In late 2004 the state of the Green Lantern was a mess.  Ron Marz’s (also known as Satan in many comic book circles, and rightly so) ill-conceived “Emerald Twilight” storyline, which turned one of the greatest heroes of the DC Universe into a murderer, had destroyed the legacy of the old comics, killed off the Green Lantern Corps, and left one new and unproven Lantern, Kyle Rayner, to carry the franchise.  Hal Jordan became a villain, then later died in a final heroic act before returning as the Spectre.  It was a mess.  DC, wanting to undo what it recognized as one of the biggest mistakes in its 70+ years of operation, turned to Geoff Johns to fix what Marz had screwed-up a decade before and return Hal Jordan and the Corps to the stars.

Kyle Rayner returns to Earth with the body of Parallax.  Elsewhere the Spectre seems to be losing control and the heroes of the DCU gather together to once again stop a man who was once one of their own only to find others with power rings in their way including Guy Gardner, Kilowog, and John Stewart, and the last of the Guardians of the Universe, Ganthet.

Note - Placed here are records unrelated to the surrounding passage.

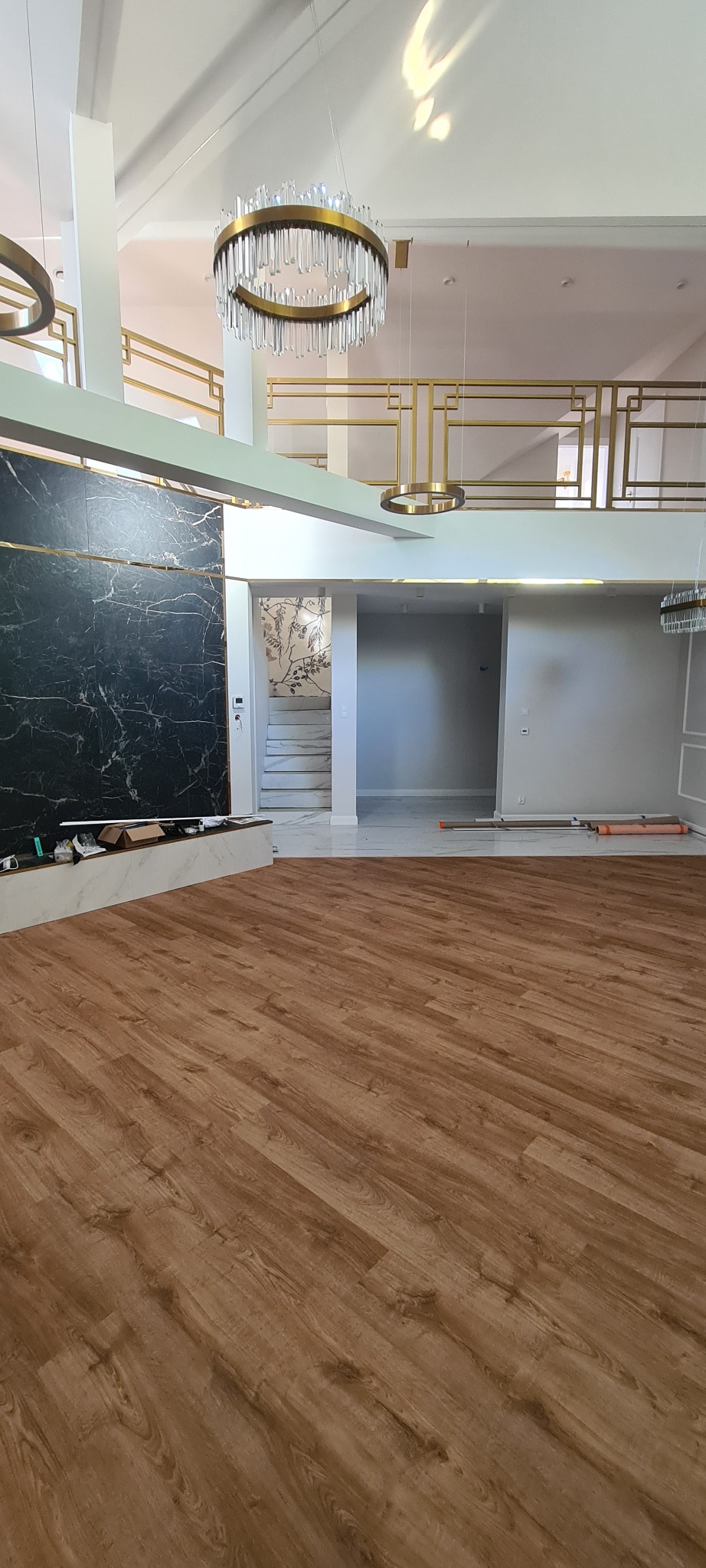 Nowoczesne wnętrze z drewnianą podłogą, marmurową ścianą i designerskimi lampami. Widoczne schody i balustrada z metalowymi zdobieniami. Jasne, przestronne pomieszczenie.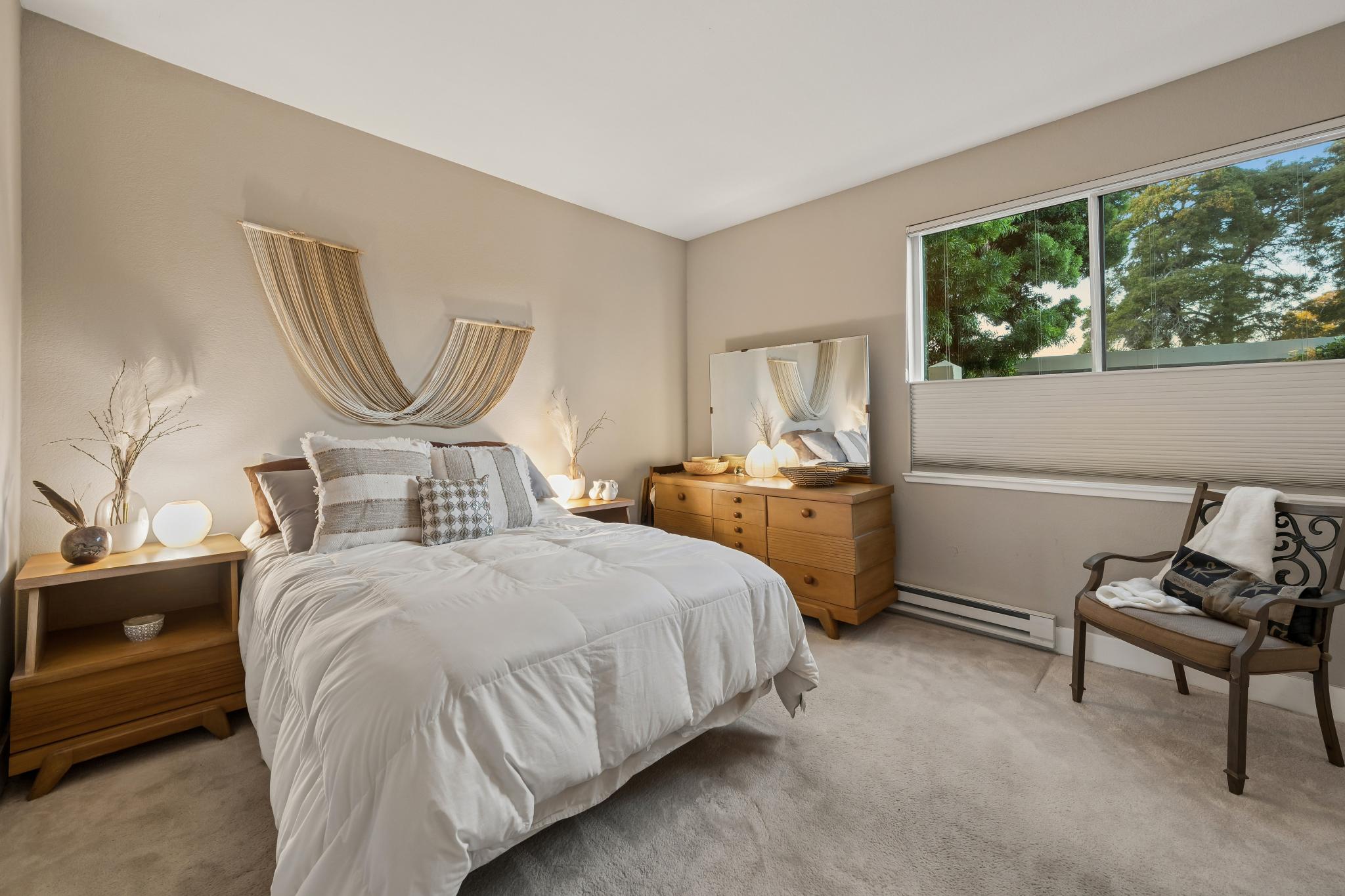 Bedroom with wide window at Lakeshore Court in Marina Bay, Richmond
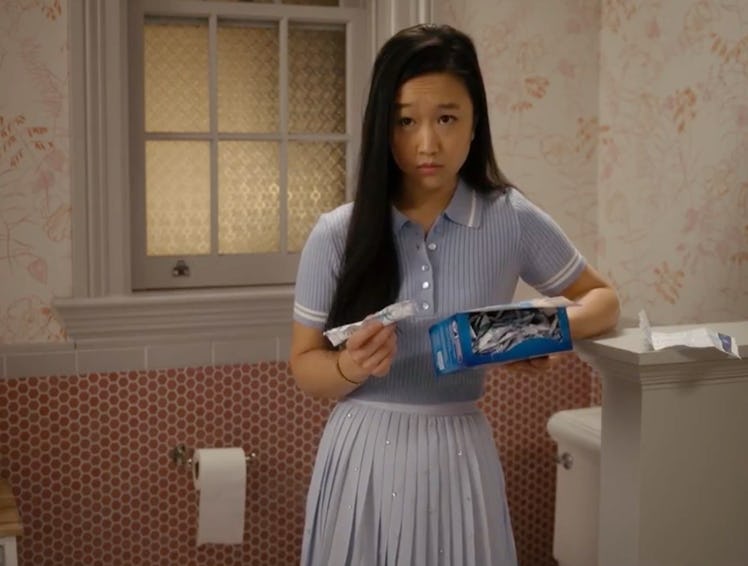Lily holding a box of tampons in And Just Like That episode 9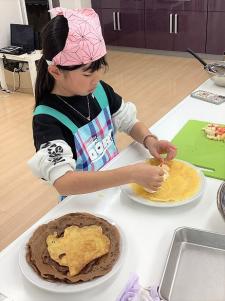 クレープの上に具材を並べる女の子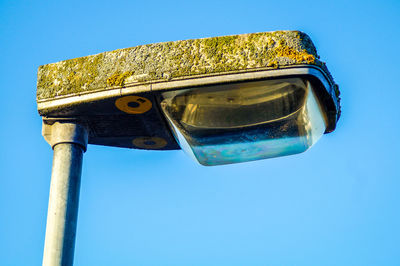 Low angle view of rusty metal against blue sky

As the Spectre deals with the forces inside himself, several issues are made clear.  Parallax is itself an entity, a fear-based parasite long ago imprisoned by the Guardians inside the Central Power Battery (thus giving the rings an impurity to yellow).  The Spectre can no longer contain the energies of Parallax and releases him and sends Hal Jordan’s spirit on to a final resting place.

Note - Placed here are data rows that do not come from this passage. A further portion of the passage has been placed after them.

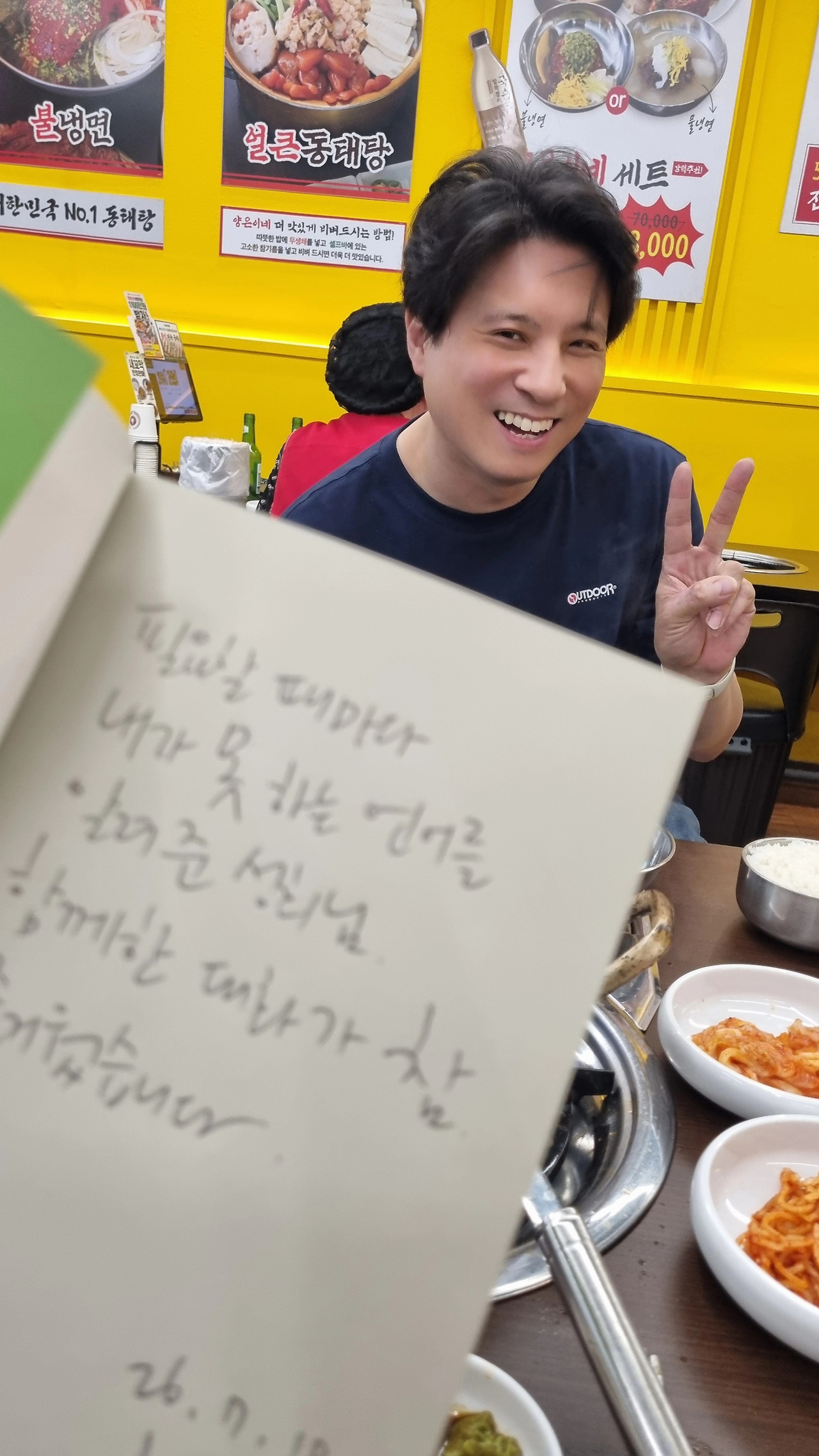 냉면집에서 손편지를 들어 보이며 브이 하는 저자
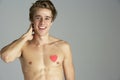 Young Man With Heart Shaped Sy...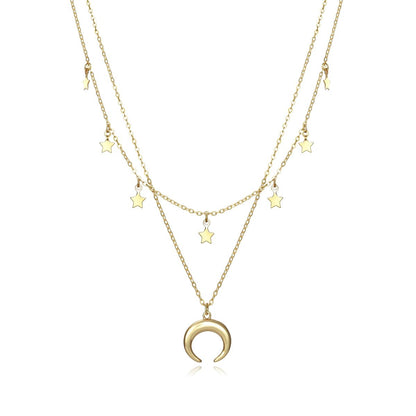 Gold layered necklace with star and moon pendants, perfect women's jewelry accessory for stylish outfits and special occasions.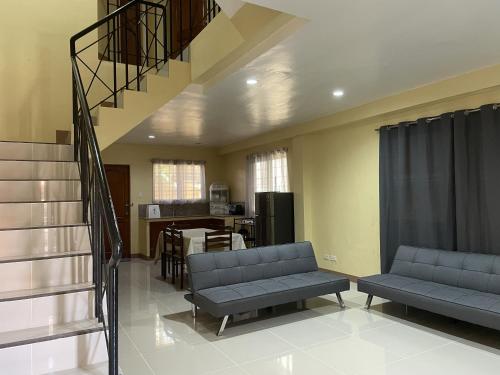 a living room with two couches and a staircase at Astra Bella Apartment - Unit 2 in Dumaguete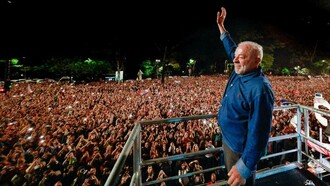 De uma plataforma, Luiz Inácio Lula da Silva ergue o braço em saudação a uma multidão que ocupa a rua e o espaço público durante a noite. Milhares de pessoas levantam as mãos e os celulares, enquanto bandeiras e manifestações de apoio compõem a cena. A imagem traduz a dimensão popular da vitória de Lula e a capacidade de mobilização que marcou sua trajetória política. Para Boaventura de Sousa Santos, porém, a vitória eleitoral não encerra a disputa em torno do futuro do Brasil: ela recoloca no centro do debate a defesa da democracia, o enfrentamento da extrema-direita e a tarefa de transformar o apoio popular em participação política efetiva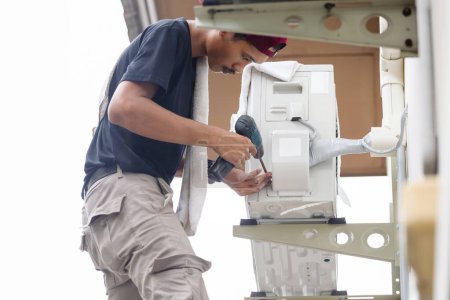 Téléchargez les photos : Technicien homme utilisant un tournevis pour réparer moderne climatiseur, réparation et entretien, Entretien, et réparer des concepts - en image libre de droit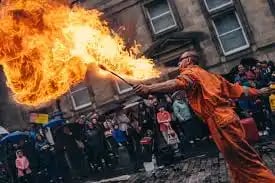 A fire breather in an orange jumpsuit performs a spectacular street show for a crowd.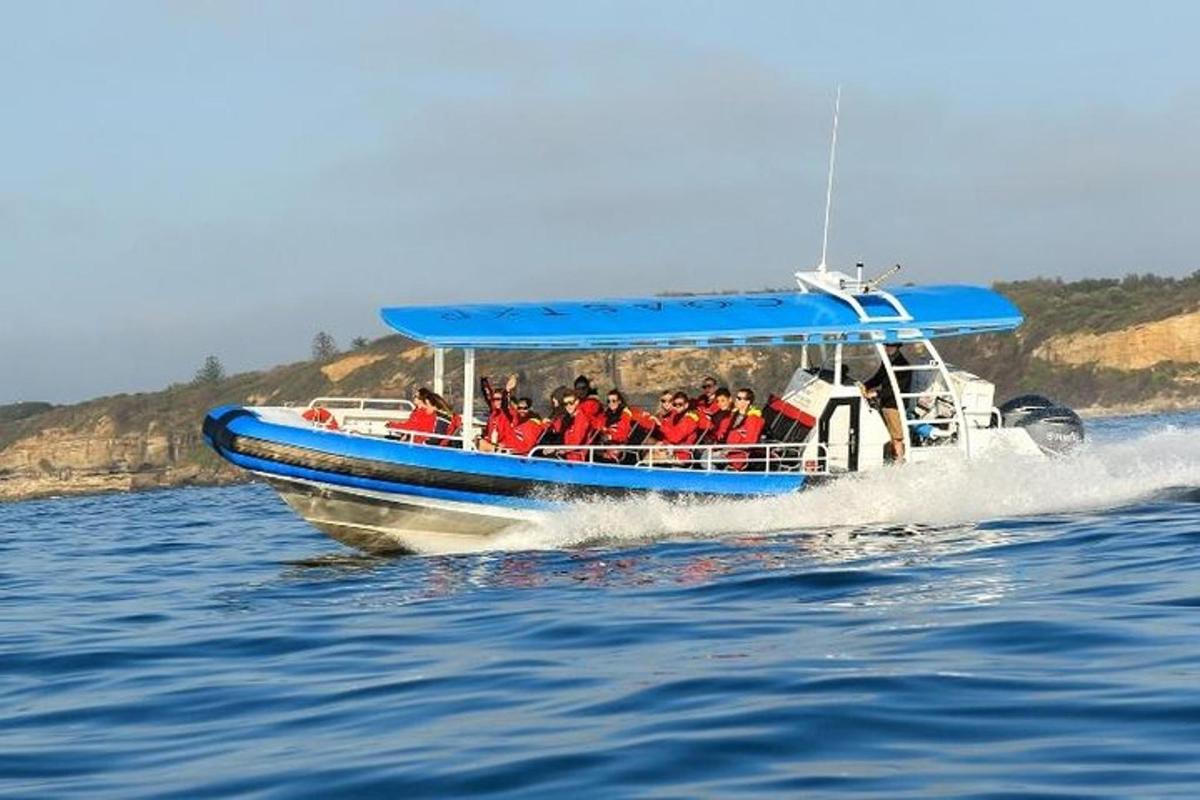 a group of people in a boat on the water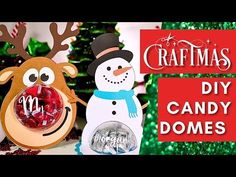 two paper snowmen are standing next to each other with the words christmas diy candy domes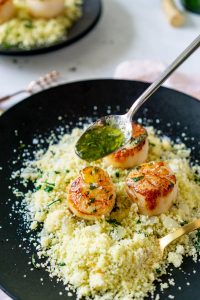 spoon drizzling basil butter over seared scallops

But with the return of his body, and Olliver McQueen powering up Hal’s old ring, Jordan finds himself returned to the land of the living.  Our hero unites the Lanterns against Parallax and Sinestro, who is responsible for sending Parallax after him, stopping for a second to coldcock Batman when he gets in his way.

Johns does a wonderful job in merging all the different story threads into a coherent whole.  He also adds the depth and history of the Corps by explaining Parallax, the impurity, and why Green Lanterns need to be fearless.  Somehow it all works, and when Hal Jordan stands up clothed in green and black and tells Sinestro to leave his friends alone we can almost, almost, forgive Marz and the decade of crap that came before.

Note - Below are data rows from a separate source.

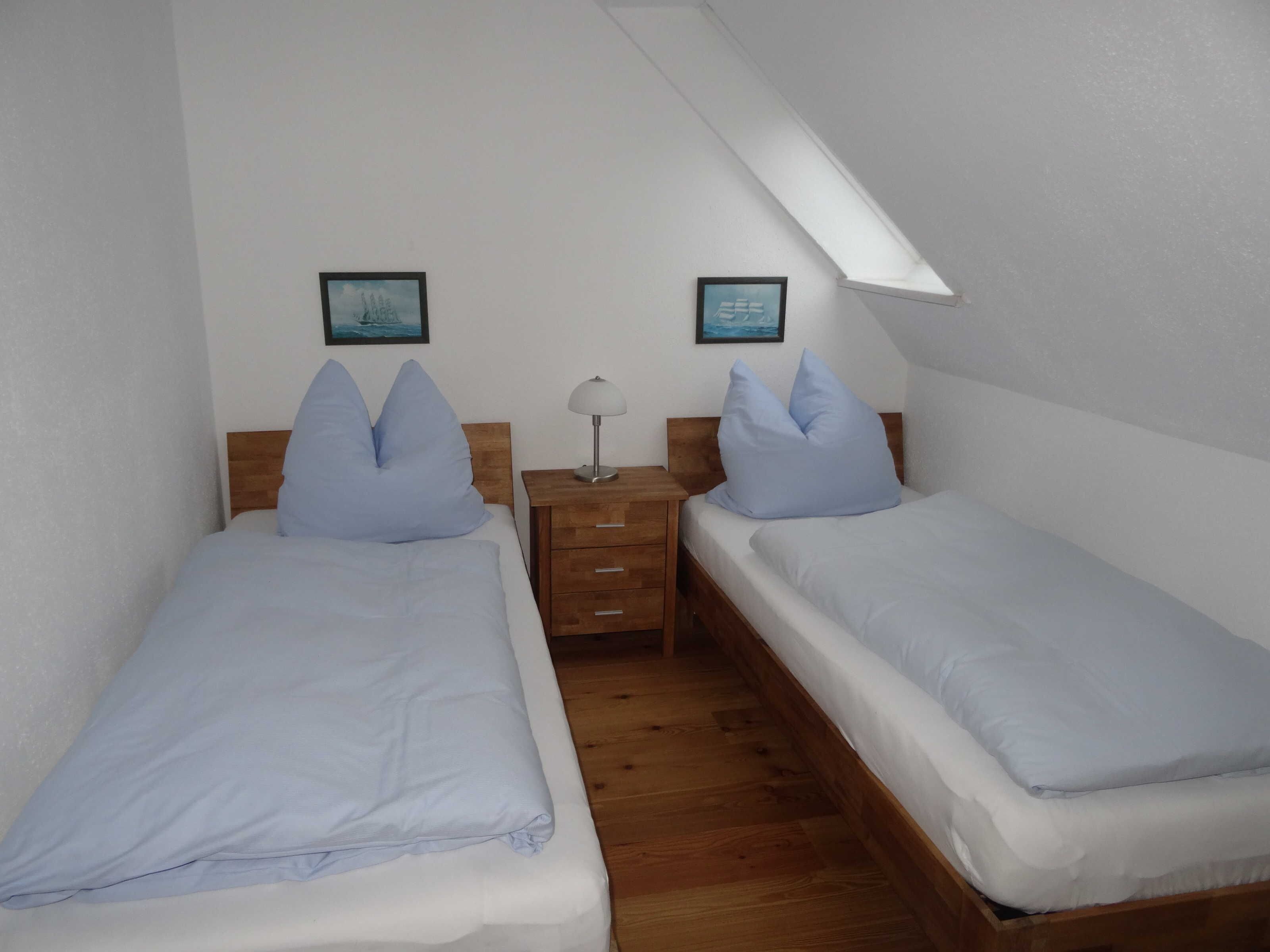 A bedroom with two single beds, a nightstand, a lamp, and two framed pictures on the wall.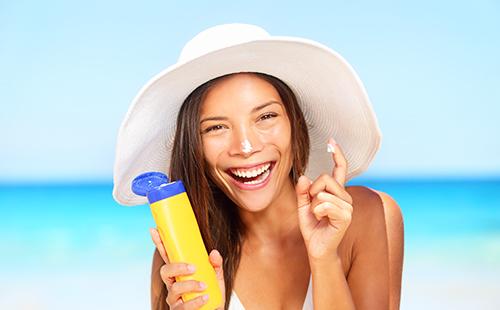 The girl in the hat smeared cream on her nose and laughs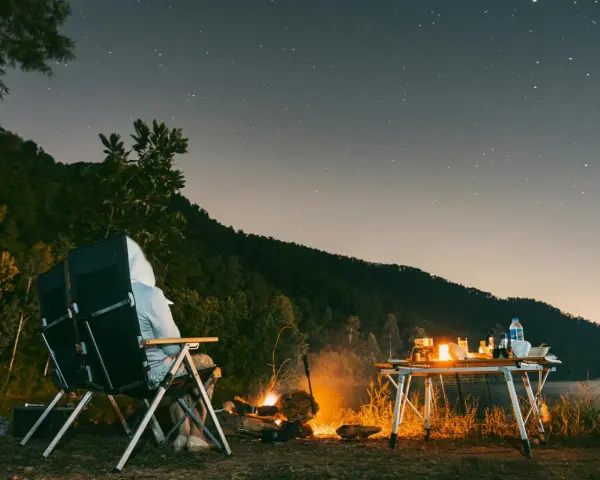 Personne assise près d'un feu de camp sous un ciel étoilé, avec une table de camping et un lac.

There are also a few nice tidbits of information thrown in for longtime fans.  Green Arrow uses Hal’s ring and we learn something new – the ring, based on a person’s will hurts to use, every time.  Johns also spends time explaining, through Hal Jordan’s eyes, how each of the Lanterns use their rings differently, which is quite illuminating (pun intended).

Johns didn’t just bring back Hal Jordan, but returns other familiar Green Lanterns (including Guy Gardner) who will make up the base of the new Green Lantern Corps.  Not to mention giving Hal a great moment of glory in knocking Batman to the ground (and Gardner an ever better moment afterwards).  This is the Hal of old, the cocky gunslinger, who we are also reminded of in flashbacks to his first meeting with Sinestro years before.  In the final battle against Parallax the Lanterns follow Hal into battle once more, which ends in the familiar words of Green Lantern fans everywhere…


“In brightest day,
In blackest night,
No evil shall escape our sight,
Let those who worship evil’s might,
Beware our power,
Green Lantern’s Light”

The five-issue mini-series is available in a hardback volume [$24.99] and an, easier to find, trade paperback [$14.99].  Included in the collection are an introduction by Brad Meltzer, cover art from the series, and a look back by Geoff Johns on the planning of the series.  A must have for Green Lantern fans anywhere, the book returns one of the brightest lights to the DC Universe.